-- PROBLEM TO WORK ON --
Where the lines below hold images, skip those and copy every word exactly.

-- AVAILABLE DATA --
______________________________

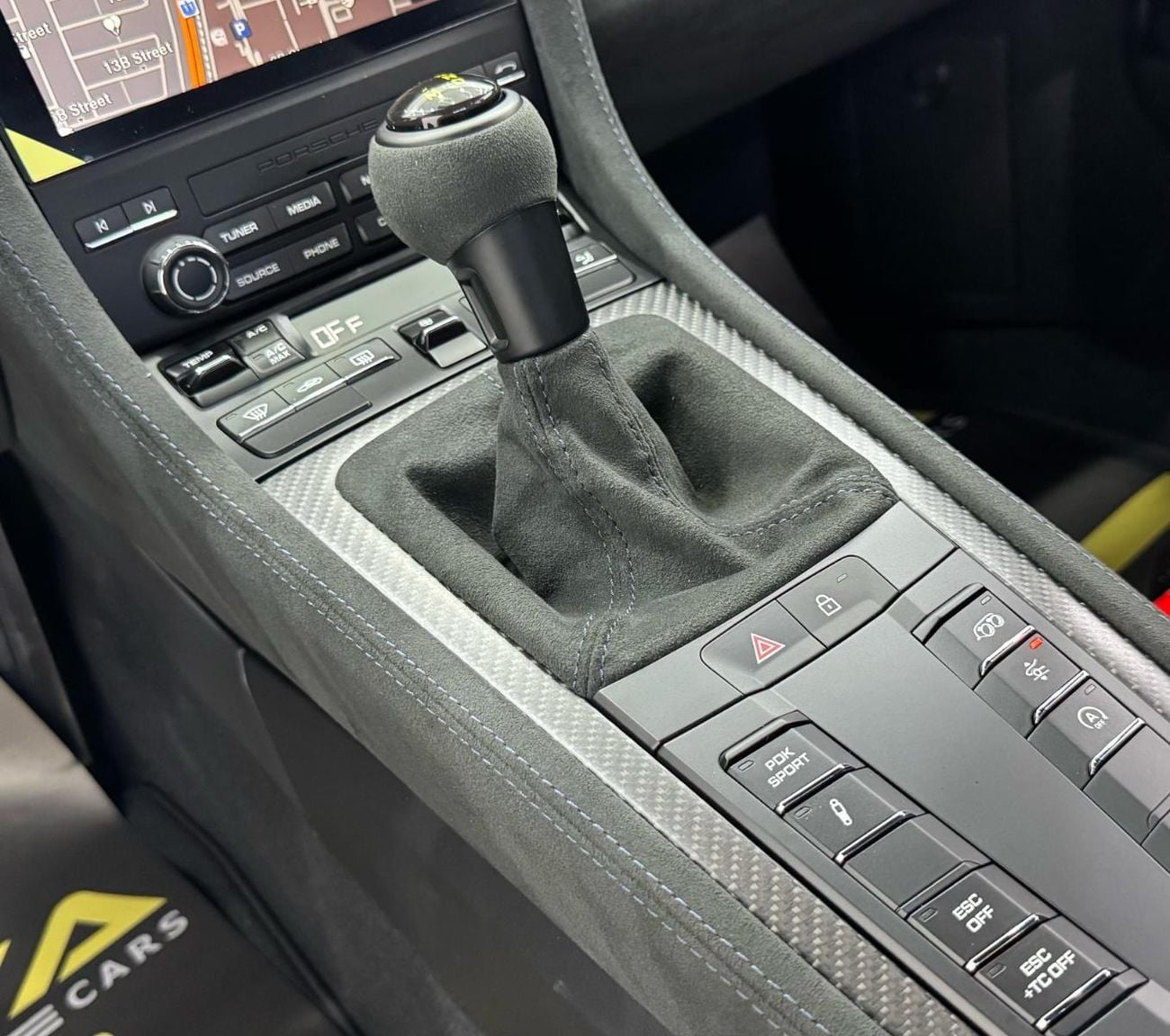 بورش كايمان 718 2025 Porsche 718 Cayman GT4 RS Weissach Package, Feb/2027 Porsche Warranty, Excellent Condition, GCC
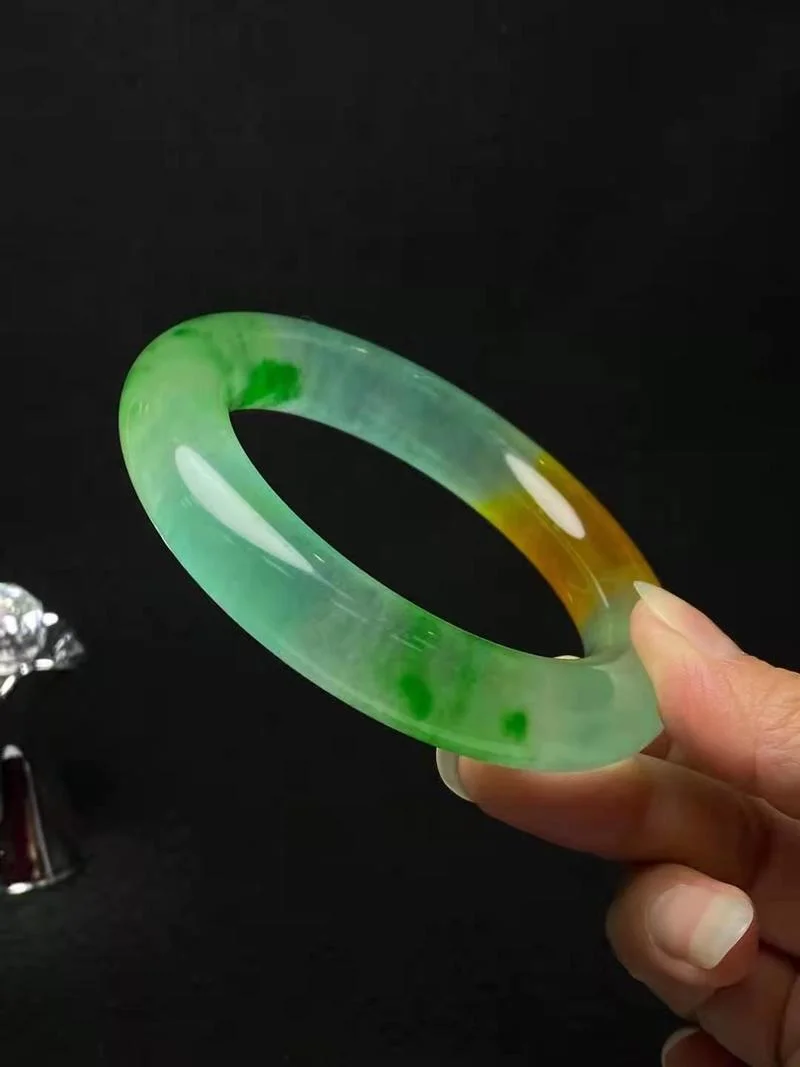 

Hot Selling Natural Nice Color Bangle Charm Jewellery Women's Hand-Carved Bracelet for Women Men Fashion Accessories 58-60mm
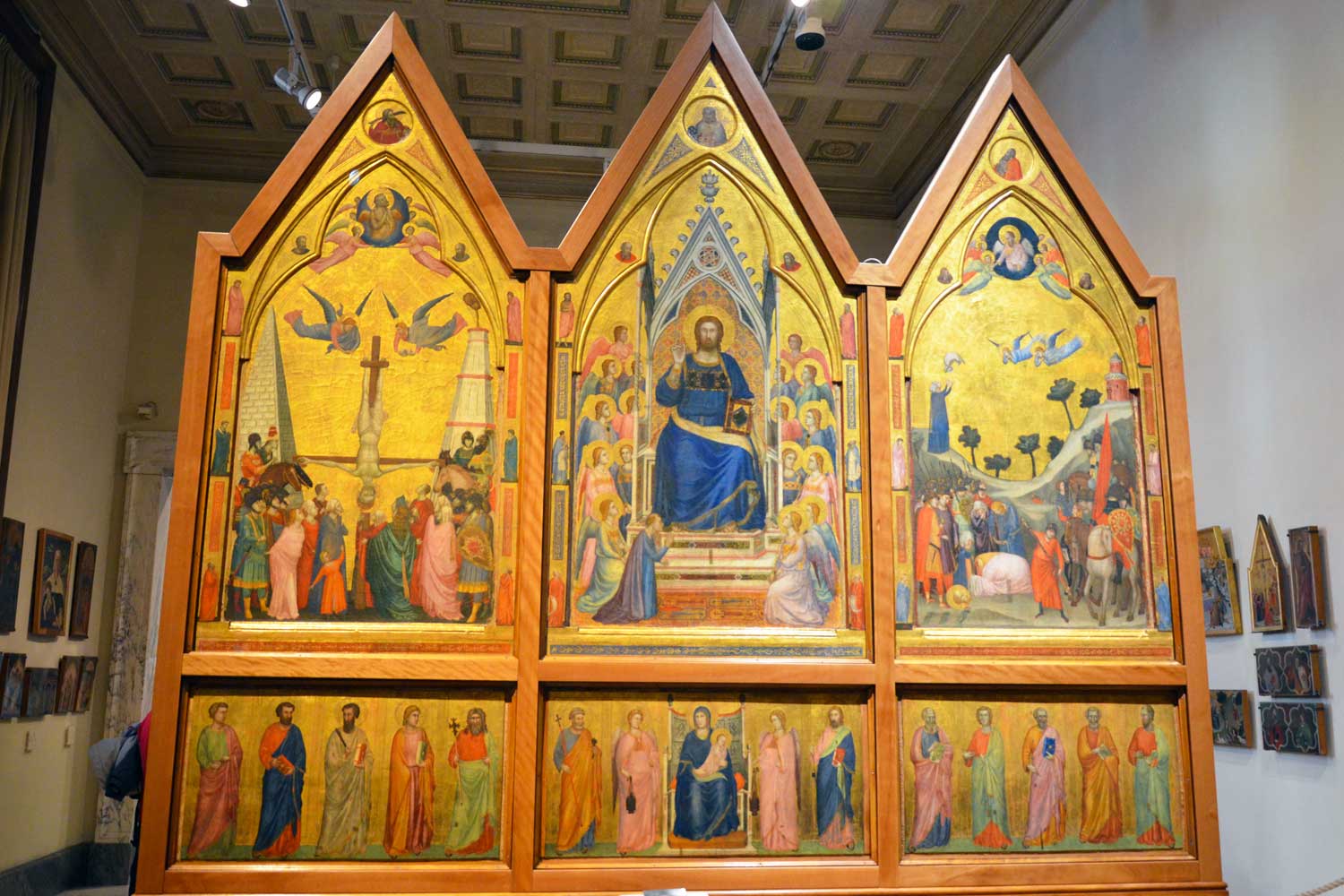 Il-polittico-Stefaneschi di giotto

______________________________

-- ANSWER AREA --
 بورش كايمان 718 2025 Porsche 718 Cayman GT4 RS Weissach Package, Feb/2027 Porsche Warranty, Excellent Condition, GCC

Hot Selling Natural Nice Color Bangle Charm Jewellery Women's Hand-Carved Bracelet for Women Men Fashion Accessories 58-60mm
 Il-polittico-Stefaneschi di giotto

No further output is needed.